# Best Of 2 Evils



## KevCarter (Aug 25, 2018)

First post, but I've done a ton of reading. You guys are super helpful, and I feel I'm really learning!

I'm an old fart, finally trying to learn how to grow grass the right way.

Mowed low. Used a thatch rake for dead grass, Aerated with 2 passes and over-seeded 6 days ago, Black Beauty Seed, TTTF, PR, KBG blend. Also added Green Up starter fertilizer, Love Your Lawn, Love Your Soil, and Magi-Cal. Going all in with Jonathan Green products along with Milorganite. All 6 days ago. Watering 3 time a day. Seeing some tiny little babies germinating, and really excited.

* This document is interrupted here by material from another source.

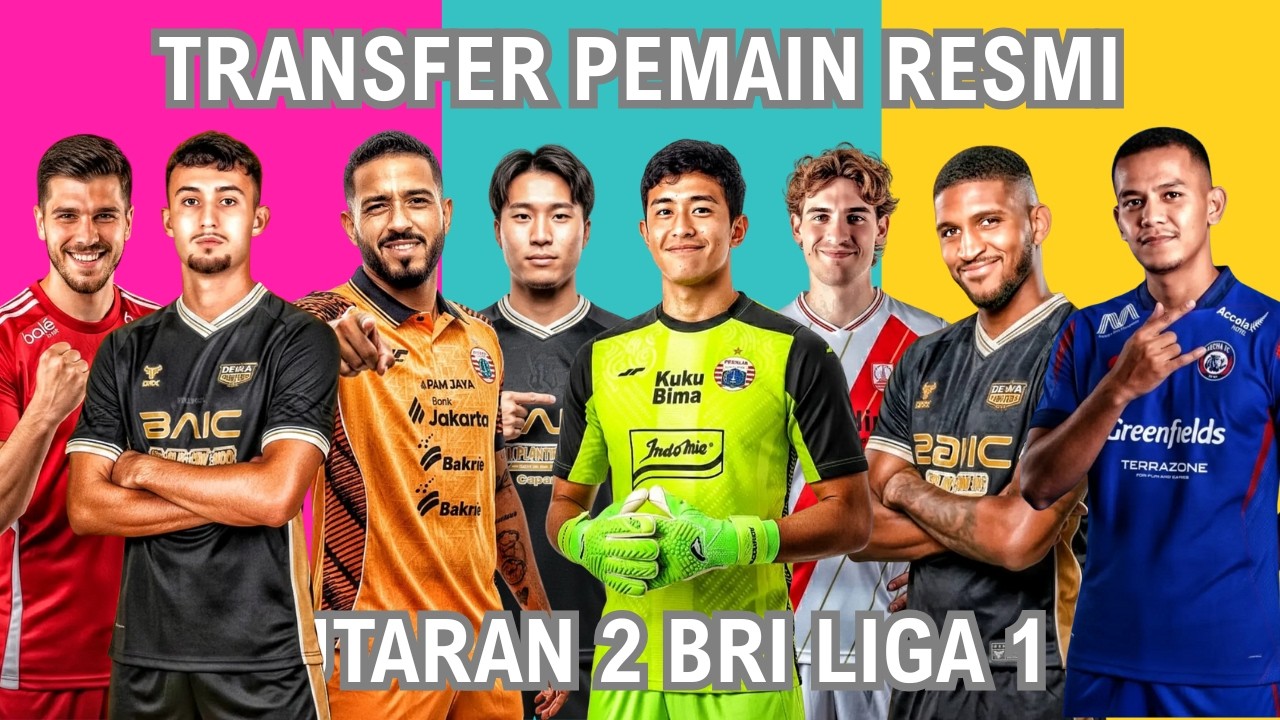 RESMI‼️Rekap 14 Transfer Pemain BRI Liga 1 2026 - Bursa Transfer BRI Super Liga 2026 Putaran Ke 2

My question, my original grass which was in pretty descent condition after using Milorganite all year is really growing. I'm also getting some leaves falling from the neighbors trees. Big leaves. Do I go ahead and mow with a bagger to pick up the leaves, stepping on my new babies, or do I take a chance on the longer grass, 4", and leaves shading the new growth?

Kevin


----------



## Virginiagal (Apr 24, 2017)

I say mow. If there are areas where there is just new grass, skip those parts. Just be careful about turns: try not to twist the mower. Make your turns on hard surfaces if you can (like a sidewalk). Maybe go into your neighbor's yard to make a turn (check to see if that's ok). Don't water before you mow so the ground isn't too soft; you don't want to make ruts.. Just stepping on the grass won't hurt it. I stepped all over a section of new grass yesterday pulling weeds and while the new grass mashed down while I was standing on it, it's all standing straight up today.


----------



## KevCarter (Aug 25, 2018)

Virginiagal. That's what I was hoping to hear, it's driving me crazy doing nothing but watering for a week. Thank you so much!


----------



## iowa jim (Jan 22, 2018)

Welcome to the forum, i have been walking and dragging hoses all over my reno from day one. Its not the ideal situation but those grass babies are tougher than you think. I know your area well as i have fished the Chetek chain of lakes quite a few times.


----------



## KevCarter (Aug 25, 2018)

iowa jim said:


> Welcome to the forum, i have been walking and dragging hoses all over my reno from day one. Its not the ideal situation but those grass babies are tougher than you think. I know your area well as i have fished the Chetek chain of lakes quite a few times.


Thank you Jim!


----------



## probasestealer (Apr 19, 2018)

Virginiagal said:


> I say mow. If there are areas where there is just new grass, skip those parts. Just be careful about turns: try not to twist the mower. Make your turns on hard surfaces if you can (like a sidewalk). Maybe go into your neighbor's yard to make a turn (check to see if that's ok). Don't water before you mow so the ground isn't too soft; you don't want to make ruts.. Just stepping on the grass won't hurt it. I stepped all over a section of new grass yesterday pulling weeds and while the new grass mashed down while I was standing on it, it's all standing straight up today.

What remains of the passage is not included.